Gizli Numara: Oyun asıl senin işin, Pinokyo.

Sinirimden cevap bile vermek istemedim. 

Yanımda oturan Burak telefonla neden bu kadar ilgilendiğimi merak ettiğini belli edercesine, ''Kiminle mesajlaşıyorsun sen dersin başından beri?'' diye sordu.

''Yarın akşam Koray'ın evindeki partide ne giyeceğimizi konuşuyorduk Ece'yle.''

''Anladım,'' dedi tok bir sesle ama ikna olduğuna emin değildim. ''Yarın yapacak mıyız?'' diye sordu ardından ve beni ansızın yakaladı. 

''Neyi?'' Yüzümü ona çevirip kaşımı kaldırdım. 

''Anlarsın ya güzelim,'' deyip tek elini bacağıma koydu. ''Birbirimizin olmayı.''

''Hazır olduğumu düşünmüyorum Burak.''

''Hadi ama Mira hem bunu daha önce konuşmuştuk,'' dediğinde ses tonunun fazlasıyla yüksek olduğunu anladım.

Arzu Hoca elindeki tahta cetveli tahtaya vurarak,'' Neyi konuşmuştunuz daha önce yavrum evladım,'' diye sordu sinirle çünkü müdürün olduğu halde sınıfta ses çıkarmıştık. 

''Şey...'' diye başladım kekelemeye. ''Proje ödevimiz hakkında hocam.''

Burak sessizce güldü.

 Tek boş yer bizim önümüzdeki sıra olduğu için Uygar buraya doğru gelmeye başladı ama gözlerini üzerimden ayırmıyordu.
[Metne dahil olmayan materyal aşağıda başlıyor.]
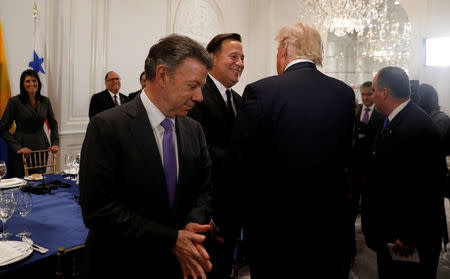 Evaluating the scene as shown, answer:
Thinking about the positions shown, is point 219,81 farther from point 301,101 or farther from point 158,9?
point 158,9

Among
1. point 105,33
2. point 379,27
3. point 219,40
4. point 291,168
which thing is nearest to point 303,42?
point 291,168

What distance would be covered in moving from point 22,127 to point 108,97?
4.03 feet

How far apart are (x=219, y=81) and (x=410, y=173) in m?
1.23

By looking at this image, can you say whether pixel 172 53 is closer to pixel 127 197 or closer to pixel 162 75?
pixel 162 75

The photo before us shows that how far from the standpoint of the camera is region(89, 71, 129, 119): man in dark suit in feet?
16.8

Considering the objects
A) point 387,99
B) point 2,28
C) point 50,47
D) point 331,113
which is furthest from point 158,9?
point 331,113

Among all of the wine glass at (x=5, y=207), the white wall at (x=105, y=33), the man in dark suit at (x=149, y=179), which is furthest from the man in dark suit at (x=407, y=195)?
the white wall at (x=105, y=33)

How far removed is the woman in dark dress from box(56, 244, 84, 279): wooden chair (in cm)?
272

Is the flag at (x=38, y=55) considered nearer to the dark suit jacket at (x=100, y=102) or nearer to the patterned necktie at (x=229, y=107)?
the dark suit jacket at (x=100, y=102)

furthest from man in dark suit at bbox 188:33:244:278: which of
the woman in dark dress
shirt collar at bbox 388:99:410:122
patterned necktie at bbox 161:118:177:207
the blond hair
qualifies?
the woman in dark dress

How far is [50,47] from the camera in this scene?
4895 mm

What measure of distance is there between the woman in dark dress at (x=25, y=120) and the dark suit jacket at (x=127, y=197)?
3.23 m

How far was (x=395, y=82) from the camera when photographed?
2.28m

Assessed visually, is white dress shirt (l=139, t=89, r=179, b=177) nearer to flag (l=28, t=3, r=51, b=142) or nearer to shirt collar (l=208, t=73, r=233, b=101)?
shirt collar (l=208, t=73, r=233, b=101) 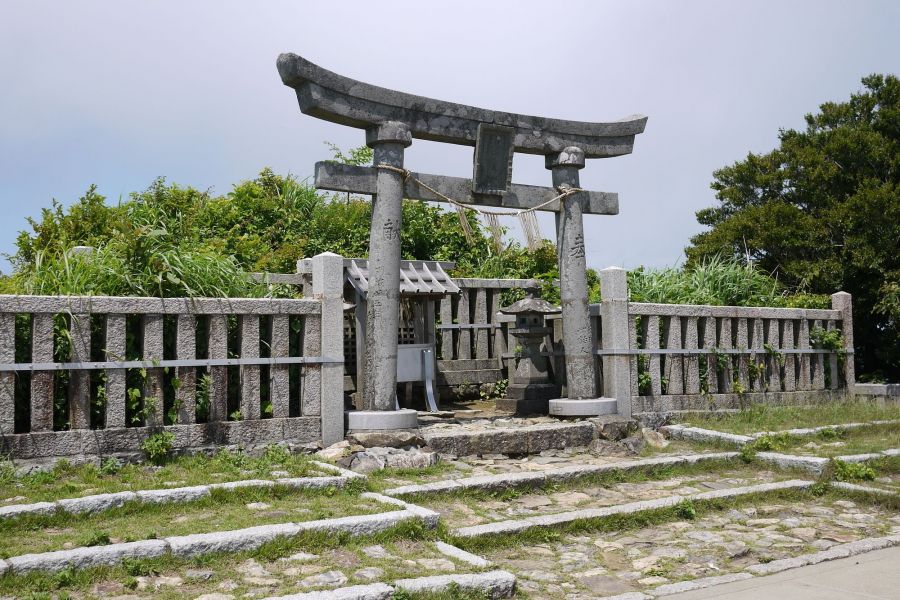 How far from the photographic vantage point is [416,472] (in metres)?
7.96

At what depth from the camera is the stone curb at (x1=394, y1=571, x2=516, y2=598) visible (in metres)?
4.84

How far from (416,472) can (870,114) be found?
50.8 ft

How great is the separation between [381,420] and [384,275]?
164cm

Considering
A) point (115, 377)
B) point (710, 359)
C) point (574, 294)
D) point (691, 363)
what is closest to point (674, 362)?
point (691, 363)

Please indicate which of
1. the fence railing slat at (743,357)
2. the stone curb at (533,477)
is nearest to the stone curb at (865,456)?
the stone curb at (533,477)

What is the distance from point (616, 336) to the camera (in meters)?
10.7

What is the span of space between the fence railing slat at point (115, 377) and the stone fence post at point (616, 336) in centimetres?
599

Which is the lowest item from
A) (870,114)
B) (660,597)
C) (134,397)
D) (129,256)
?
(660,597)

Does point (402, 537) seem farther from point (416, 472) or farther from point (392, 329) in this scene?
point (392, 329)

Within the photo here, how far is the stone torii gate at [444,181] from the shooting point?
8.89 metres

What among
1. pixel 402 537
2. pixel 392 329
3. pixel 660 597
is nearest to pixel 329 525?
pixel 402 537

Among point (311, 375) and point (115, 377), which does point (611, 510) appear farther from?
point (115, 377)

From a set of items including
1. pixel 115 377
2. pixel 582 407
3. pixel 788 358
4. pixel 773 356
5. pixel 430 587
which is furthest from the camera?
pixel 788 358

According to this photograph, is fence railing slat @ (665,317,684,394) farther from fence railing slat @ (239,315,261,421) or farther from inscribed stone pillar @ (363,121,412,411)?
fence railing slat @ (239,315,261,421) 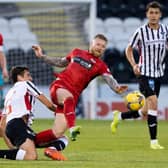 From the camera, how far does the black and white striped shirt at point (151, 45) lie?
41.3ft

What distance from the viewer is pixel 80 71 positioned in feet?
36.4

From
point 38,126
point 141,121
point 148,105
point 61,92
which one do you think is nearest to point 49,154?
point 61,92

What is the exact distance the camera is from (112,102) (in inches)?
823

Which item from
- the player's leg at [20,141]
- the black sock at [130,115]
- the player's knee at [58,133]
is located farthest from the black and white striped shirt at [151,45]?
the player's leg at [20,141]

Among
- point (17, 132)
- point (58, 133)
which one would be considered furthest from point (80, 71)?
point (17, 132)

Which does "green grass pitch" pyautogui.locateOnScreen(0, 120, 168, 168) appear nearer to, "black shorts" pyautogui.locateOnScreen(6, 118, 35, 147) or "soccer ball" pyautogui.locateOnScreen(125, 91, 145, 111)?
"black shorts" pyautogui.locateOnScreen(6, 118, 35, 147)

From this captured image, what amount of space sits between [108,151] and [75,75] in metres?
1.18

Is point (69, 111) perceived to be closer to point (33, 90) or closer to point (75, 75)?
point (33, 90)

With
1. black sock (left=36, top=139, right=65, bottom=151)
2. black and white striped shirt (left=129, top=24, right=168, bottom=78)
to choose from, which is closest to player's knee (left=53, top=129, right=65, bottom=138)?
black sock (left=36, top=139, right=65, bottom=151)

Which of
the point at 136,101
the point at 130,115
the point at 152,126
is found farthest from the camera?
the point at 130,115

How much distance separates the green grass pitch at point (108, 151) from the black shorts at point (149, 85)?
0.75 m

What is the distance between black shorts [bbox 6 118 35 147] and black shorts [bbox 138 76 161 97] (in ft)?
9.00

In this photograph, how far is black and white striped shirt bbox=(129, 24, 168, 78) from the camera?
41.3ft

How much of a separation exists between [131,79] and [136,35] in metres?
10.4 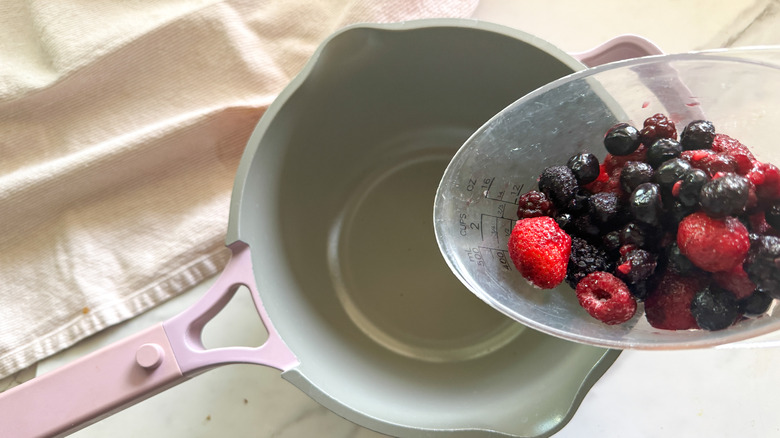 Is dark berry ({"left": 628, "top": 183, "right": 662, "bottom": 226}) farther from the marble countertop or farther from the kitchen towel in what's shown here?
the kitchen towel

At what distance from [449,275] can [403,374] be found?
0.19m

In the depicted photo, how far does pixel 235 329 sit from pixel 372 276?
0.25 metres

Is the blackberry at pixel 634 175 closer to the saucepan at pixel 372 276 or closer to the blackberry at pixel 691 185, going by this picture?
the blackberry at pixel 691 185

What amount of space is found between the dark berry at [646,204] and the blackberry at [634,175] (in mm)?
17

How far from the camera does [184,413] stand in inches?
35.0

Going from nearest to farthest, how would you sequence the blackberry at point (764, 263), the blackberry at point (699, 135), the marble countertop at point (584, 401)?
the blackberry at point (764, 263) → the blackberry at point (699, 135) → the marble countertop at point (584, 401)

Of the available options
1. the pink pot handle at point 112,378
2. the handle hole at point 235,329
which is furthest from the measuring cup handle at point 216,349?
the handle hole at point 235,329

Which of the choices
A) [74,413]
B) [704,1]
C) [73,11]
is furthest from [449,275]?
[73,11]

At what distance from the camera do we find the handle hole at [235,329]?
915 millimetres

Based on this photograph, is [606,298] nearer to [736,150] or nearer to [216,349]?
[736,150]

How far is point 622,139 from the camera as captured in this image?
723mm

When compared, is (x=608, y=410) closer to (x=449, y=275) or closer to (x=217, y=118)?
(x=449, y=275)

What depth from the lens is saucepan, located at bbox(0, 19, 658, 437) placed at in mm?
679

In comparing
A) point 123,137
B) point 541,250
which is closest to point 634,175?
point 541,250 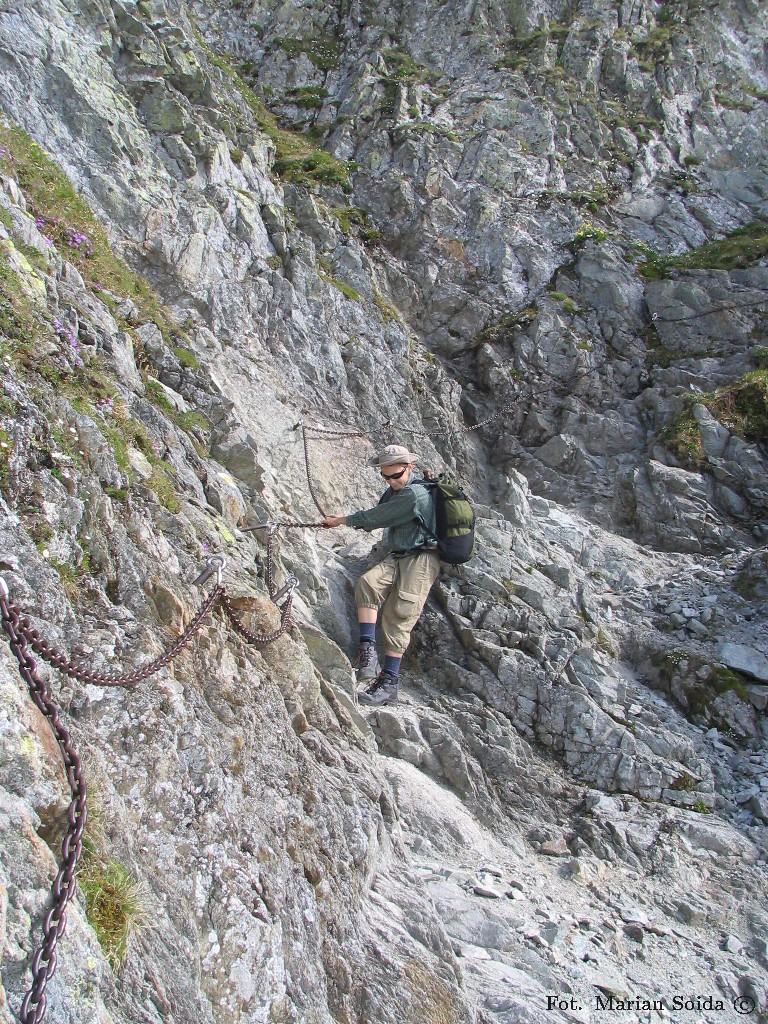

Tahtanın oradan sıraya gelene kadar Uygar'ın gözleri tarafından hapse alınmıştım. 

Tabir-i caizse beni gözleriyle sikmişti. 

Burak bu durumu fark ettiğinde sinirlerine hakim olamayıp Uygar'ı omzundan dürttü. ''Bir sorunun mu var?'' diye sordu kaşlarını çatarak. 

''Benim yok, ya senin.'' Uygar'ın rahat hali Burak'ı iyice tahrik ettiğinde bir şey yapacağından korktum ve elimi bacağının üstüne koyup, ''Sakin ol ve yarınki gecemizi düşün,'' diye fısıldadım. 

Eve geldiğimde önce sıcak bir duş aldım ardındansa yatağıma oturup telefonumu elime aldım ve yapmam gerekeni yaptım.

Mira: Müsait misin?

Gizli Numara: Senin için her zaman. 

Mira: Neden?

Gizli Numara: Ne neden? 

Mira: Bu yaptığın anonim olayı neden? Beni seviyorsan gelip yüzüme söylemeliydin.

Gizli Numara: Anladım. Onu yapacak  cesaretim olduğunu düşünmüyorum.

Mira: Yalan söylüyorsun.

Gizli Numara: Hayır, gerçekten. Sen... Sen çok özelsin. Sen kelimelerle anlatılamayacak kadar sen birisin. Ama ben? Ben sadece sıradan bir...

Mira: Sıradan bir ne? Cümlenin sonunu getir.

Gizli Numara: Seni seviyorum, Pinokyo. Bunu sakın unutma tamam mı? 

Mira: Ben de seni seviyorum. 

Mira: NE?

Mira: Hayır yani alışkanlıktan öyle dedim. 

Mira: Gerçekten.

Mira: Daha seni tanımıyorum bile. 

Gizli Numara: Ha tanısan belki seveceksin yani. 

Mira: Konuştukça batıyorum galiba. Ödevlerim var yapmam gereken, görüşürüz. 

Gizli Numara: Benimde.

Gizli Numara: Görüşürüz. 

Ağzım kulaklarım varmış bir halde telefonu yere bıraktım ve tavana baktım. Kendimi flört dönemine yeniden başlamış gibi hissediyordum ve bu bende iğrenç hisler uyandırıyordu. Sanki Burak'ı aldatıyormuş gibi. 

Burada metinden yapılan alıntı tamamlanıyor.